By Leanna Sweha
The Low Carbon Fuel Standard (LCFS) seems to stand in the shadow of Cap-and-Trade. Both are market-based programs to reduce greenhouse gas emissions and spur new technology, but the LCFS tends to get less attention.
The LCFS is in fact a big regulatory program which stands to play an even bigger role in the proposed 2030 Scoping Plan, the roadmap to meet the state’s 2030 emissions goals. So, it’s important to ask if the LCFS has proven to be an effective policy tool.
The LCFS requires transportation fuels sold in the state to meet a target average Carbon Intensity (CI).
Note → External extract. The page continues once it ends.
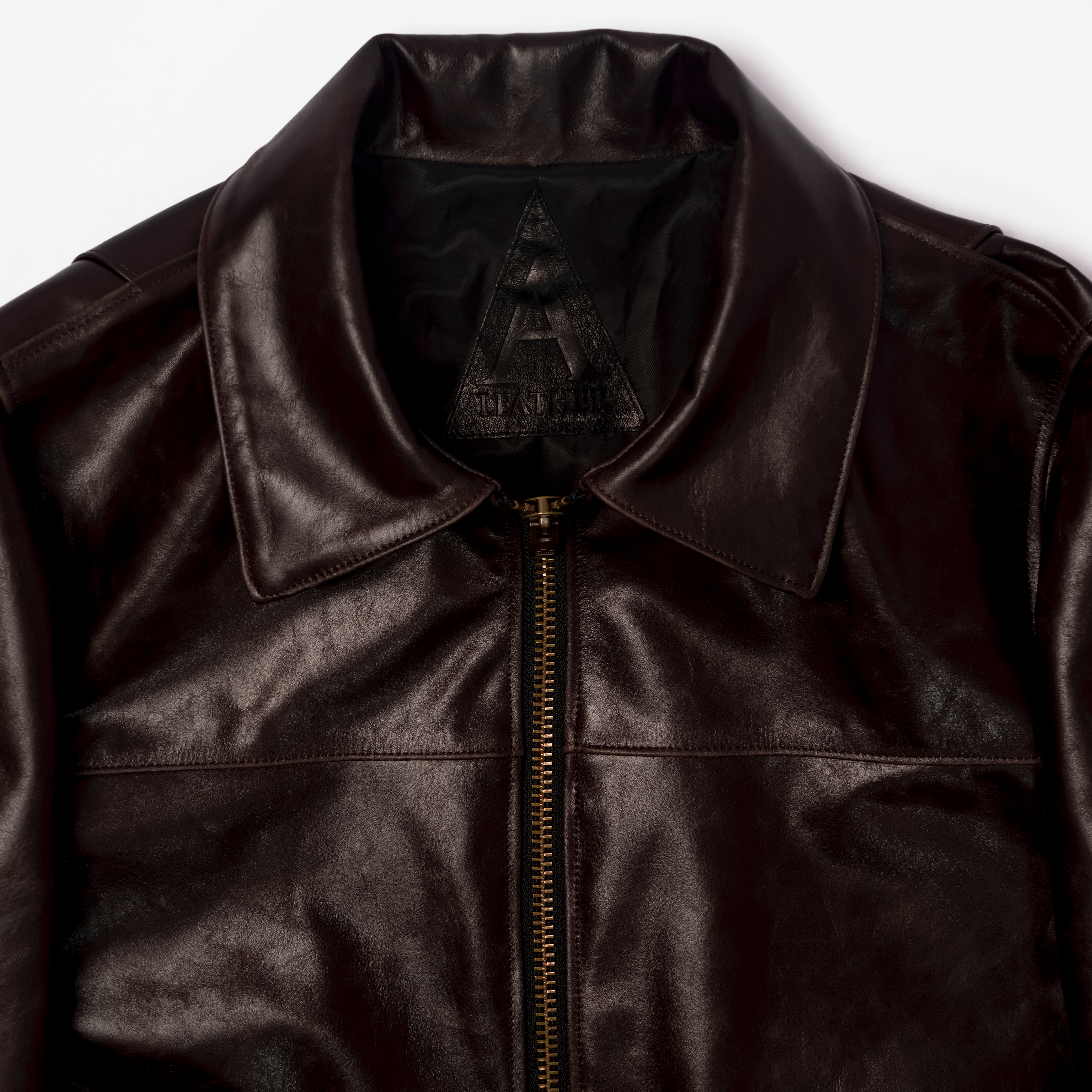 Drizzler Jacket BROWN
CI is the sum of greenhouse gas emissions from the production, distribution, and consumption of a fuel, measured in grams of carbon dioxide equivalent per megajoule (gCO2e/MJ).
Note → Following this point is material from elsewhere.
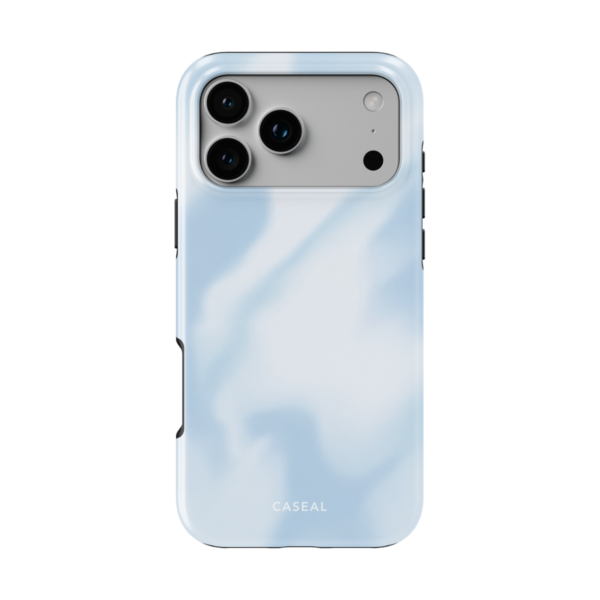 ICE BLUE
The CI calculation is called a lifecycle analysis (shorthand terms include “well to wheels” or “seed to wheels”) and is based on complex models.
Fuels with a CI below the target CI earn credits. Fuels with a CI above the target CI, such as gasoline, may be blended with low-CI fuels to meet the target. Or, their producers can buy credits from companies that produce low-CI fuels such as biodiesel, electricity, and hydrogen.
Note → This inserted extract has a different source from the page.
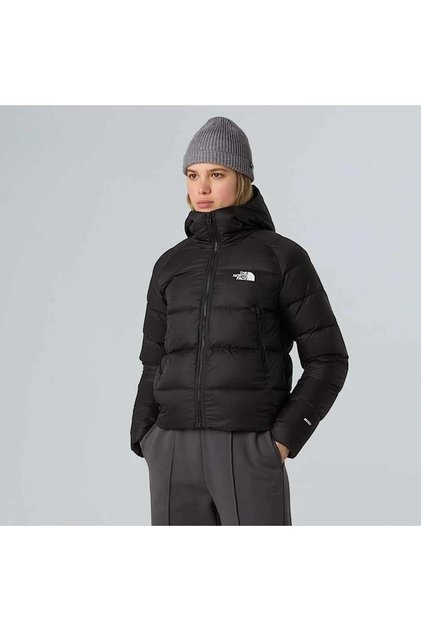 W Hyalıte Down Hoodıe Kadın Mont NF0A8E75JK31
The target CI declines 10 percent below the baseline by 2020. In the proposed 2030 Scoping Plan, the target CI declines 18 percent below the baseline by 2030. That’s pretty steep, considering the curve to 2020 (see below) is back-loaded. The Air Resources Board says the back-loading was intended to promote early investment in alternative fuels and vehicles.
Two academics recently battled it out over the LCFS on the op-ed page of the Sacramento Bee. In January, MIT economics professor Christopher Knittel compared LCFS credit prices with Cap-and-Trade allowance prices. He showed that the marginal cost of reducing emissions with LCFS was on average six times greater than with Cap-and-Trade. He argued that this cost difference should convince California to end the LCFS and just rely on Cap-and-Trade.
In February, UC Davis Institute for Transportation Studies researcher Sonia Yeh responded to Knittel. She argued that one needs to look beyond the cost analysis and acknowledge that price signals from Cap-and-Trade alone would not be enough to force development of low-CI fuels. Yeh states that the LCFS is the only fuels policy that can spur market growth of alternative fuels and vehicles to de-carbonize transportation.
Meanwhile, oil companies are concerned about a short supply of LCFS credits and a short supply of low-CI fuels to blend with gasoline.
Commodities blog The Barrel reported last year, “The industry warns that insufficient quantities of alternative fuels will be available to meet the 10% CI reduction target by 2020, and that the state’s refineries could shut down or decide to export their fuel, rather than bear the cost of complying with the LCFS.”
It continues, “Holders of the credits appear to be hoarding them in anticipation of the CI reduction targets becoming harder and harder to achieve.”
According to Yeh, higher credit prices should drive up the supply of low-CI fuels and lower their cost.